Simone de Beauvoir, Il Secondo Sesso
Questa ricerca nasce dall’osservazione della donna nel mondo del lavoro in Italia e dalla
comparazione della sua posizione con quella che detengono le donne nel mondo del lavoro
negli Stati Uniti e nel Nord Europa, dall’ammirazione per le donne “di potere” e dal
desiderio che anche in Italia diventi possibile, per le donne, conciliare la famiglia con la
carriera senza incorrere in giudizi di sorta o in discriminazioni.
L’obiettivo di questo lavoro è quello di indagare come una piccola realtà aziendale del
panorama industriale della regione Veneto, quale il Gruppo Aluteam, gestisce la diversità di
genere nell’organizzazione del lavoro. Quello che si porta a compimento nel capitolo
quarto di questo lavoro è un vero e proprio Diversity Auditing, una sorta di check-up
aziendale mirato a verificare le dinamiche di genere. Nello specifico, si verifica se il
concetto di gender diversity sia una nozione nuova o già nota, si analizza la cultura aziendale
del gruppo, e si osserva la presenza dei fenomeni del soffitto di vetro e del pavimento
appiccicoso, del Work & Life Balance e della gestione del “doppio ruolo”.

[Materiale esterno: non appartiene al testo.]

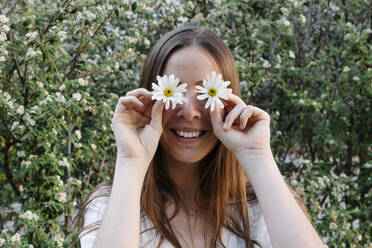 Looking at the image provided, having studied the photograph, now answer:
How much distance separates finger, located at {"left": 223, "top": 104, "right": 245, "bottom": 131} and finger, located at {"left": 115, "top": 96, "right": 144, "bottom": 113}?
317mm

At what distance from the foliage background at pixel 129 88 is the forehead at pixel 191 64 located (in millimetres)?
617

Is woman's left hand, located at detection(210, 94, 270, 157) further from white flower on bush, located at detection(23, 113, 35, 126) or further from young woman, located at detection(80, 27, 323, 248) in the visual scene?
white flower on bush, located at detection(23, 113, 35, 126)

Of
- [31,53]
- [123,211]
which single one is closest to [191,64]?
[123,211]

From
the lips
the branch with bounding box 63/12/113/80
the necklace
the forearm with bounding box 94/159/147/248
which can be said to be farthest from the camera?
the branch with bounding box 63/12/113/80

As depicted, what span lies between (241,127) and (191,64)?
31cm

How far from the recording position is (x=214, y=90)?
1.55m

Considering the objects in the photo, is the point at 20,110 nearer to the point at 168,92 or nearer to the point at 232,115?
the point at 168,92

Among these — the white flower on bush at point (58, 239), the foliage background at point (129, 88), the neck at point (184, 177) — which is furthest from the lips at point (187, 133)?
the white flower on bush at point (58, 239)

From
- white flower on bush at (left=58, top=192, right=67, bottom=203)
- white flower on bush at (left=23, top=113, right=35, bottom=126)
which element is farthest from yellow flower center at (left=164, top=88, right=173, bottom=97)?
white flower on bush at (left=58, top=192, right=67, bottom=203)

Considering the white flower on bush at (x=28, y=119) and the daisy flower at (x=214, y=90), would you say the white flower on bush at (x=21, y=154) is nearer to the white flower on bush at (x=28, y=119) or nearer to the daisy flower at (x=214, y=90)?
the white flower on bush at (x=28, y=119)

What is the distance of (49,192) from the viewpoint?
2195 millimetres

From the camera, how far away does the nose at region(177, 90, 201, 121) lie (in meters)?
1.61

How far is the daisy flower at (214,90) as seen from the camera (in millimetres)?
1538

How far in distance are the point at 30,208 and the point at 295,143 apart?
1.83m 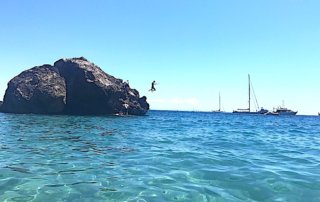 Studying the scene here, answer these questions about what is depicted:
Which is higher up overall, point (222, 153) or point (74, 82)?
point (74, 82)

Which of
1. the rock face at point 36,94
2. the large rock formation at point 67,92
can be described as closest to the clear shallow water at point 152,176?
the rock face at point 36,94

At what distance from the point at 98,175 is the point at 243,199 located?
15.8 feet

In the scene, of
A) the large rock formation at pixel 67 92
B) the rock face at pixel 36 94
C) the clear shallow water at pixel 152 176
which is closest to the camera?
the clear shallow water at pixel 152 176

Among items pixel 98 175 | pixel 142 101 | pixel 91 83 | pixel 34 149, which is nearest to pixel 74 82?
pixel 91 83

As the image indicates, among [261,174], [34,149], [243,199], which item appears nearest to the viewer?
[243,199]

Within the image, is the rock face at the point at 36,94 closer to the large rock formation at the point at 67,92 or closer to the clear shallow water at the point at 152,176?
the large rock formation at the point at 67,92

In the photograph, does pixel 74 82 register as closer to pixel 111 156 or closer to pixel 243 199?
pixel 111 156

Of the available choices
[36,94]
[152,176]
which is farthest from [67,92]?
[152,176]

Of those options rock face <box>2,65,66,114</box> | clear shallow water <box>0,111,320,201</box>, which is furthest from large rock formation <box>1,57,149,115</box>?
clear shallow water <box>0,111,320,201</box>

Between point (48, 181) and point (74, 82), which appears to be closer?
point (48, 181)

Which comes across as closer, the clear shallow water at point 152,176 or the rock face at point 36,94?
the clear shallow water at point 152,176

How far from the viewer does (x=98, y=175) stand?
11.1m

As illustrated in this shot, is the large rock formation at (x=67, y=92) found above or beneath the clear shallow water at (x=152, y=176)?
above

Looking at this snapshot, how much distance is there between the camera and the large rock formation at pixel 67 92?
8894cm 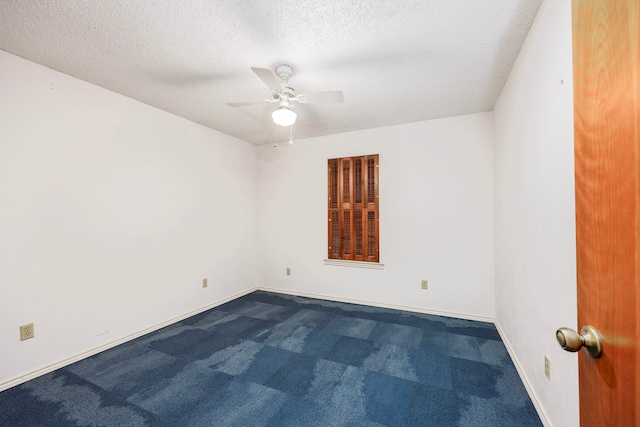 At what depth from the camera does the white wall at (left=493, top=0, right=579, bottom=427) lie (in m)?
1.28

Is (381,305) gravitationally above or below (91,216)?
below

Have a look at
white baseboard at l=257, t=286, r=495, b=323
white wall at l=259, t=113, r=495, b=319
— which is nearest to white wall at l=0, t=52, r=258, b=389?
white baseboard at l=257, t=286, r=495, b=323

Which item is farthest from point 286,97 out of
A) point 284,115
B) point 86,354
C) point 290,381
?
point 86,354

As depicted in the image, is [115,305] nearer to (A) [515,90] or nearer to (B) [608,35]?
(B) [608,35]

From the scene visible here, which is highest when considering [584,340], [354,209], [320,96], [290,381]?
[320,96]

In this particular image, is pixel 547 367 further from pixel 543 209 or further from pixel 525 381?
pixel 543 209

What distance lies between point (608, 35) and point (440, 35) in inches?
60.4

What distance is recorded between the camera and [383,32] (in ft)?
5.80

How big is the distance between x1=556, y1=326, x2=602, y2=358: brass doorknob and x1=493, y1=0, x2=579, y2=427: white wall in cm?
85

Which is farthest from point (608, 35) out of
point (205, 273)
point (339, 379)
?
point (205, 273)

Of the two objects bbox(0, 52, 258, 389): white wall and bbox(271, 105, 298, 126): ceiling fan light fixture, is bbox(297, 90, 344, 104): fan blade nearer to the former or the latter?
bbox(271, 105, 298, 126): ceiling fan light fixture

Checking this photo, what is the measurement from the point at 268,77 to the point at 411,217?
2.47 meters

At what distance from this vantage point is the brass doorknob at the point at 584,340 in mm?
576

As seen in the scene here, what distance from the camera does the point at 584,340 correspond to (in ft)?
1.96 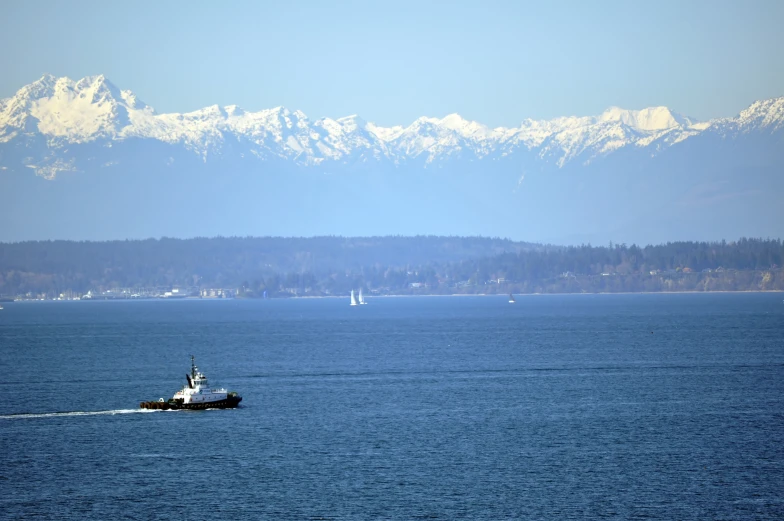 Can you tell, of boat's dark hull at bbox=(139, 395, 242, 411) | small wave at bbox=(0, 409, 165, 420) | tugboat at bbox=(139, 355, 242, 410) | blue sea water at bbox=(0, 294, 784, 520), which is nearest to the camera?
blue sea water at bbox=(0, 294, 784, 520)

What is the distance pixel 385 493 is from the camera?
69438mm

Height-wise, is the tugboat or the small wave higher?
the tugboat

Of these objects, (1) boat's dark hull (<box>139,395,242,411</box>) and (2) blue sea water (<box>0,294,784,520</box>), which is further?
(1) boat's dark hull (<box>139,395,242,411</box>)

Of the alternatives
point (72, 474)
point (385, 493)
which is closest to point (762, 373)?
point (385, 493)

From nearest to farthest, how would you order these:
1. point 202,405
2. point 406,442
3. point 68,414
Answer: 1. point 406,442
2. point 68,414
3. point 202,405

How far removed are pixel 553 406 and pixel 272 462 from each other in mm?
34038

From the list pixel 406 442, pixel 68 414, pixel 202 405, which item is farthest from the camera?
pixel 202 405

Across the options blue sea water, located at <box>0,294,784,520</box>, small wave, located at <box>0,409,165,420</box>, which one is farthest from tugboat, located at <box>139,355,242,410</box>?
small wave, located at <box>0,409,165,420</box>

Il lavoro consta di due parti: una prima parte teorica composta dai capitoli primo, secondo
e terzo, ed una seconda parte empirica in cui si analizza il caso Aluteam alla luce delle teorie
descritte nelle precedenti pagine.
Il primo capitolo ha come obiettivo dichiarato quello di “contestualizzare il genere”: questa
ricerca si inserisce, di fatto, nel più ampio ambito dei gender studies. È importante fin dal
principio effettuare una distinzione tra i due termini “sesso” e “genere” i quali segnano
rispettivamente il confine tra ciò che è una differenza anatomica e ciò che è psicologico: il
sesso va considerato quindi unicamente come una categoria biologica, mentre quando si
parla di genere si parla di una categoria culturale. Trattando di genere maschile e femminile
si passano in rassegna i più comuni stereotipi legati alla mascolinità e alla femminilità, e si
sottolinea il rischio della stereotipizzazione che porta ad una visione parziale della realtà.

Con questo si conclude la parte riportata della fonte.